Task details:
For this exercise, repeat the records below exactly and omit every picture.

Entries shown below:

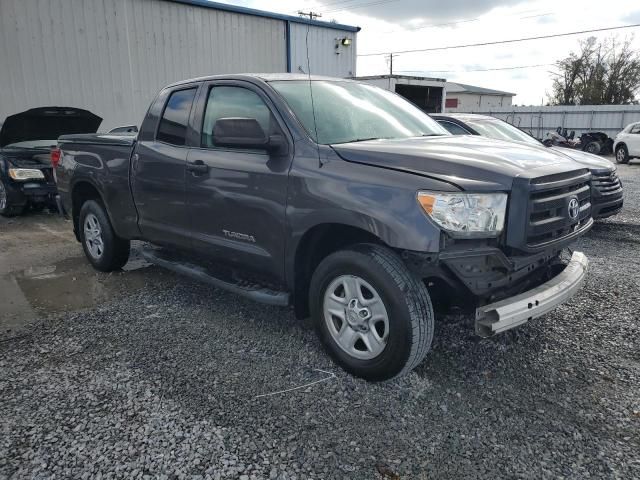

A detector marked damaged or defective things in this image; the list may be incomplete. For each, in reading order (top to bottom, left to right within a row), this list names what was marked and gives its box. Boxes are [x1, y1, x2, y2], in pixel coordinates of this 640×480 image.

damaged vehicle [0, 108, 101, 217]
damaged vehicle [432, 112, 624, 219]
damaged vehicle [55, 75, 592, 380]
damaged front bumper [476, 251, 592, 338]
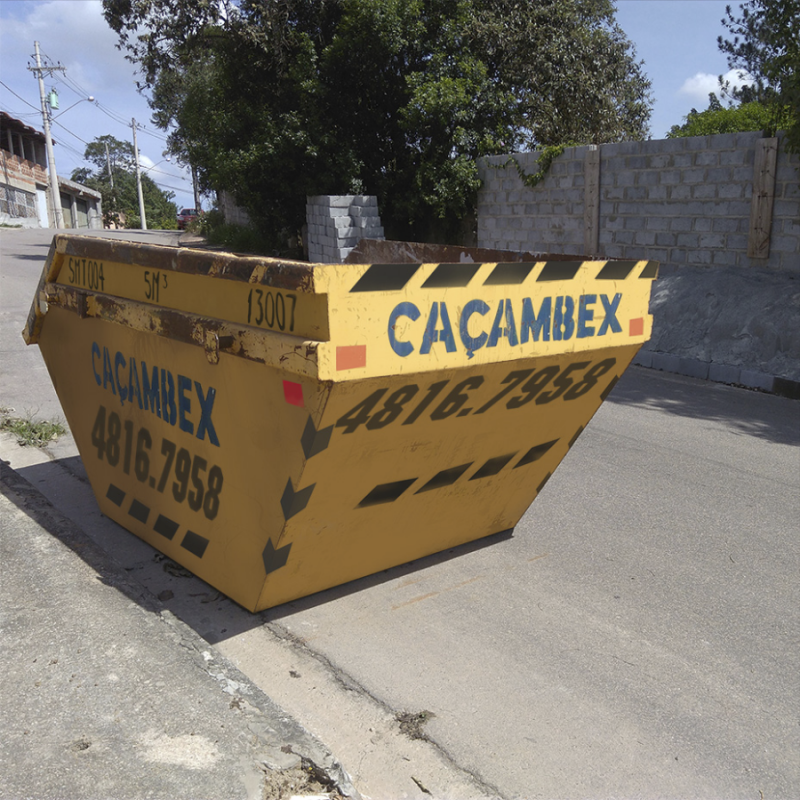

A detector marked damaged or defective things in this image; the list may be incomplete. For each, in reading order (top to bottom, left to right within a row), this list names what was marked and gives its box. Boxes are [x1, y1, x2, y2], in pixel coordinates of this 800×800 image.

rusty steel dumpster [23, 234, 656, 608]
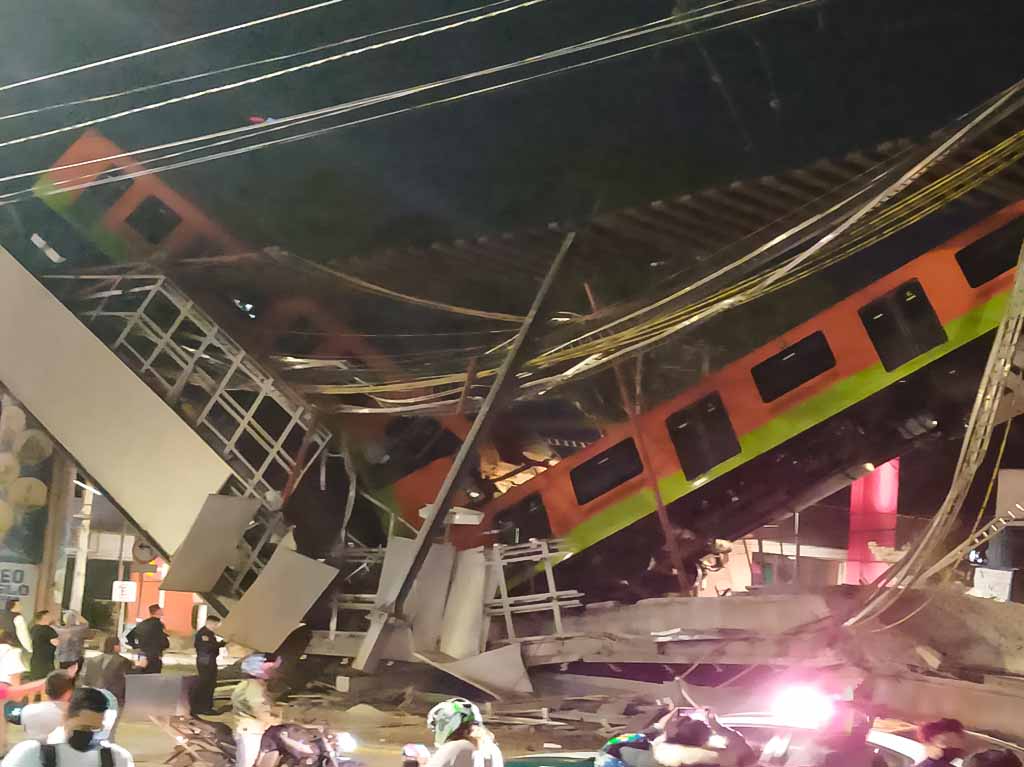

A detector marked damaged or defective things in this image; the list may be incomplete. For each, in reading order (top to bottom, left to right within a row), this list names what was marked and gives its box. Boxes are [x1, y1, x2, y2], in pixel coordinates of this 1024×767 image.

broken wall panel [0, 248, 230, 552]
broken wall panel [160, 493, 262, 593]
broken wall panel [221, 548, 339, 651]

End of Entries shown.

Worked solution:
A detector marked damaged or defective things in this image; the list may be incomplete. For each, in reading order (top to bottom, left to right within a row), this list names what was marked and gives its box. Boxes are [x1, y1, x2, y2], in pixel coordinates of this 640×480 image.

damaged vehicle [0, 108, 101, 217]
damaged vehicle [432, 112, 624, 219]
damaged vehicle [55, 75, 592, 380]
damaged front bumper [476, 251, 592, 338]

A detector marked damaged or defective things in this image; the list may be incomplete. For each, in reading order (top to bottom, left to right within a row), this list names what was marked and gives its box. Boxes are [x1, y1, x2, y2], in pixel coordinates of this 800×800 image.

rusty steel dumpster [23, 234, 656, 608]

A detector marked damaged or defective things in this image; the list may be incomplete. For each, in reading order (top to bottom, left to right within a row), this list names what was marked and gives its box. Boxes are [x1, y1, x2, y2], in pixel coordinates of this 1024×767 image.

broken wall panel [0, 248, 230, 552]
broken wall panel [160, 493, 262, 593]
broken wall panel [221, 548, 339, 651]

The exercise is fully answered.